Call it versatility or inconsistency, but Valdez has long been one of those fighters with world-class boxing skills who may or may not employ them on any given night, or in any given round.
After the scare Wilson gave Navarrete, you’d think a boxing-heavy game plan would be Valdez’s best bet. But it doesn’t sound like that’s how he’s leaning.
“You can expect some brawling for sure,” he said, “but it all depends on what he brings to the table. I think he’s gonna want to brawl – and that’s what I like. That’s my style. You want to go toe to toe? Let’s go toe to toe. Let’s give the fans what they want. So, I just really can’t wait. I know it’s going to be a fan-friendly fight. I can’t wait to step in there. We’re talking about it right now and I’m starting to loosen up my arms – I can’t wait.”
It sounds like an ideal launching pad to get Valdez pointed back toward the top. Still, there’s a number that can’t be ignored: 33. It’s his age, but it’s also the number of professional fights on his record.
There was a time when 33 was ancient for a boxer of Valdez’s size, but that isn’t the case anymore. Still, there aren’t many guys in the featherweight/lightweight range who are better at 33 than they were at, say, 28.
As for 33 fights, that’s not a ton, even by modern standards. But Valdez rarely has a quick and easy one. His last 13 fights have added a total of 135 rounds to his ledger – an average of 10.4 per bout.
But to hear Valdez tell it, he isn’t feeling the years or the wars much at all.
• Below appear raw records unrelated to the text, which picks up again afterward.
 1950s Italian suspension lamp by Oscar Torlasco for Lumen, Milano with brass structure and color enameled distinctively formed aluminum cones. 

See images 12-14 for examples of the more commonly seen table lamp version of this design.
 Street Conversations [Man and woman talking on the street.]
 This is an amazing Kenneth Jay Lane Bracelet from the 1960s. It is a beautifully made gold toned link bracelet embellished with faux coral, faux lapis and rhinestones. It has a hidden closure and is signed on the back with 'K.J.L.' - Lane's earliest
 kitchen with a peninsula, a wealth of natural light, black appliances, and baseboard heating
“I still have the work ethic that I had in my 20s, I still work hard, I still go faster than anybody else,” he said. “I spar 20-year-olds, and I’ve still got the same reactions, same speed that I always had.
“I do feel some things different, like losing weight is harder. Maybe when I’m on the track, my 400s, I used to do a 1:05 lap, now I do 1:08 or 1:10. But I basically feel the same physically. If you take care of your body the way that you should as an athlete, when you make it a lifestyle, when you prioritize eating good food over bad food, being in the gym over going out at night, sleeping well over not getting sleep, then you maybe don’t age the way you’re supposed to in your 30s.
“I still feel like I can outlast any fighter out there.”
That’s a long way from how Valdez felt six months ago. The people he bumped into on the street got him to pick his head up. They inspired the “upward” – now it’s up to Valdez to deliver the “onward.”